Afastado, ao menos por enquanto, o temor de extinção do livro físico, a nova pergunta que tem provocado o meio educacional, indaga sobre qual a melhor forma de ler, se no meio digital ou no meio impresso. Decorrente desta, há outra discussão, ainda mais recente, que tenta responder à questão sobre se a leitura digital pode prejudicar a nossa capacidade de ler com profundidade. Esse debate vem ganhando espaço depois da publicação, no Brasil, do livro da neurocientista Maryanne Wolf, o Cérebro no mundo Digital – Os desafios da leitura na nova era (Editora Contexto).
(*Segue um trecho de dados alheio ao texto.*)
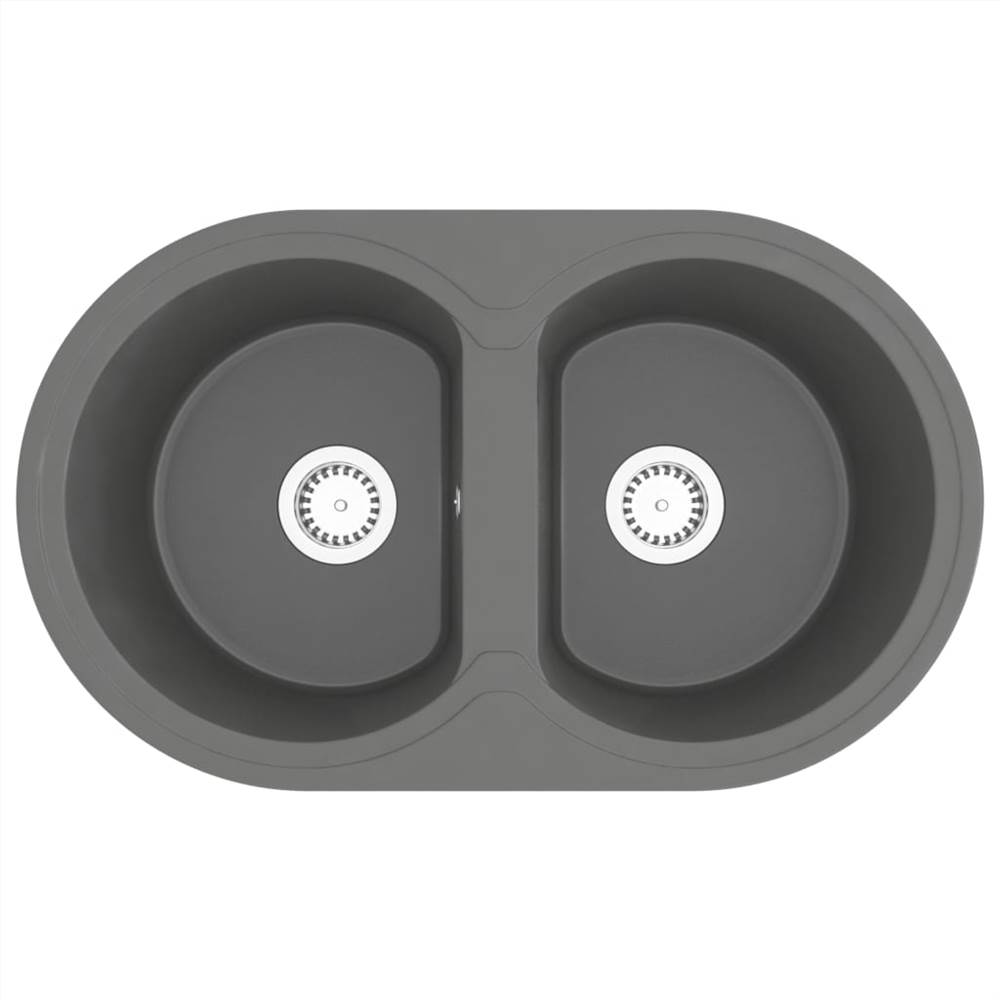 Kitchen Sink Double Basins Oval Grey Granite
O problema é que o debate público em torno do tema tem dado destaque apenas às transformações no cérebro provocadas pela exposição às telas de que Wolf trata em seu livro e a um possível efeito deletério da tecnologia digital sobre a leitura.
O debate é importante, mas afirmar que a leitura no meio digital deve ser rechaçada porque prejudica a leitura profunda é desonesto, pois não é isso que Wolf conclui e porque o conceito de leitura profunda precisa ser discutido, antes de mais nada.
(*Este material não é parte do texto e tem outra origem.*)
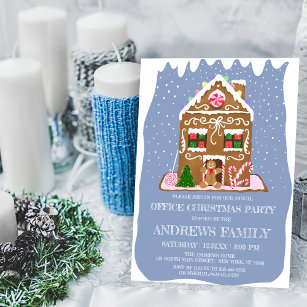 Winter Gingerbread Candy House Corporate Christmas Invitation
Ora, os estudos das teorias da leitura nos indicam que um texto apresenta diferentes camadas de sentido, sobretudo, os literários. Tais estudos, feitos a partir da experiência com textos impressos, nos dizem que há leitores que não vão muito além da superficialidade, lendo os aspectos mais evidentes e literais, ainda que possam seguir o fio narrativo de um texto longo. Mas há leitores, mais experientes e críticos, que leem as camadas mais profundas do texto, porque ativam estratégias que os levam a perceber referências apenas sugeridas, entender jogos de ironia, metáforas, identificar relações com outros textos, entre outros procedimentos.
Portanto, o simples fato de evitar as telas não garante que o cérebro esteja de antemão preparado para realizar a leitura profunda. Antes, é preciso o contato permanente com o ato de ler e um trabalho educativo. Por outro lado, mesmo que um leitor das telas possa se dispersar mais por conta do caráter multimídia dos dispositivos, não significa que não seja capaz de fazer uma leitura aprofundada, interrogar o texto, comparar informações, dialogar sobre o lido e explorar suas diferentes camadas.
E se, em vez de demonizarmos o digital, concluirmos que não é preciso escolher, e sim aproveitar as diferentes possibilidades da leitura nos dias hoje? O que precisamos é pensar sobre o ensino da leitura profunda nas diversas materialidades textuais e fazer do livro um objeto tão presente na vida das crianças e jovens como os dispositivos digitais.